No me gusta el pasado como si fuera un caramelo para rechupetear. Lo contemplo sabiendo que el pasado también soy yo: un ser que lleva puestos encima todos sus tiempos, todas sus edades, igual que la corteza del mundo está hecha de eras. Toda persona es el resultado de muchos sumandos. Sustraer cualquiera de ellos es cambiarla por otra. Y es conveniente mirar hacia atrás de vez en cuando, porque lo mismo que los pueblos que olvidan su historia están condenados a repetirla, a nivel personal podríamos caer en los mismos errores. Si estoy viviendo, como millones de españoles, unos años verdaderamente difíciles, también he de decir que, paradójicamente, los estoy cruzando como unos años apasionantes, porque presiento un futuro que viene preñado de una nueva y mejor manera de vivir.
No caigo en la tentación de mirar hacia atrás hasta el punto de quedarme sin horizonte. En cualquier caso, el aire está lleno de libertad y cada cual puede hacer lo que quiera. No poca gente toma el hecho de recordar como una especie de peste que otros padeciéramos sin consideración hacia el futuro. Quizás porque a ellos les siente mal un plato, creen que otros no tenemos estómago para digerirlo. Yo no renuncio a mis recuerdos por más que me acusen de instalarme o hacer la vida en ellos. Entro y salgo indemne de mis mejores momentos -o de los peores- cada vez que me place. Les debo diariamente ni más ni menos que el presente, mi presente, que es por cierto el más difícil tiempo que jamás hubiera imaginado, pero también el que atravieso entre incesantes milagros de amistad, el que me ha regalado besos nuevos y pasiones como gomas de borrar tachaduras, el que me ha correspondido con una voz para cantar como no sabía cantar antes, el que me ha acercado hasta el prodigio constante de miles de lectores de este diario, el que me ha devuelto a la vida desde un conveniente divorcio, el que tiene escrito en un matrimonio fallido el ensayo general para el gran concierto. He trabajado duro a puerta cerrada para poder respirar ahora esta atmósfera limpia de ilusión y de entusiasmo. He dejado atrás una aldea mental para regresar a la gran urbe de los mejores pensamientos. ¡Que se levante el telón! ¡Que siga el espectáculo!

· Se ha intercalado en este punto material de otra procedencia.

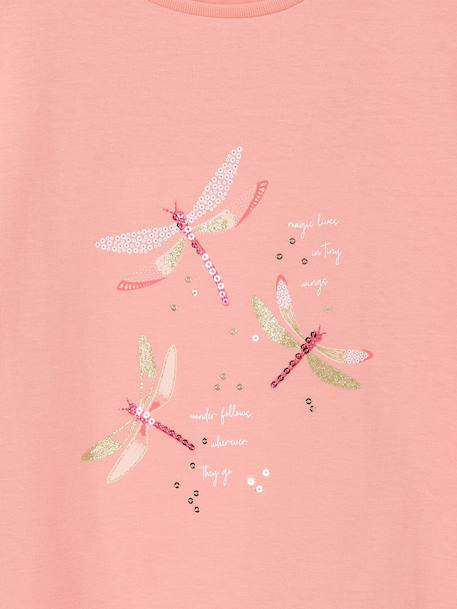 Tee-shirt motif fantaisie fille abricot+bleu grisé+écru+fraise 3 - vertbaudet enfant 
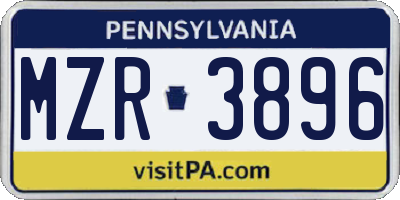 PA license plate MZR3896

Todo está felizmente reunido en mi vida: los años 60 y aquellos de mis primeros discos en los noventa; el siglo XX y el XXI; la primera fe del ojo de Dios en un triángulo y esta de ahora donde Alguien me ama sin vigilancia; Los Bravos y Pablo Alborán; mi infancia y la de mis hijas; sus Reyes Magos y los míos; quien se fue y quien llega; Venecia contigo o sin ti, pero Venecia al fin y al cabo ¡todo!
Busco en el baúl de los recuerdos, pero también buceo las asombrosas profundidades de esta maravillosa incógnita que es vivir y donde, cuando menos se espera, uno puede encontrar su tesoro precisamente en el fondo.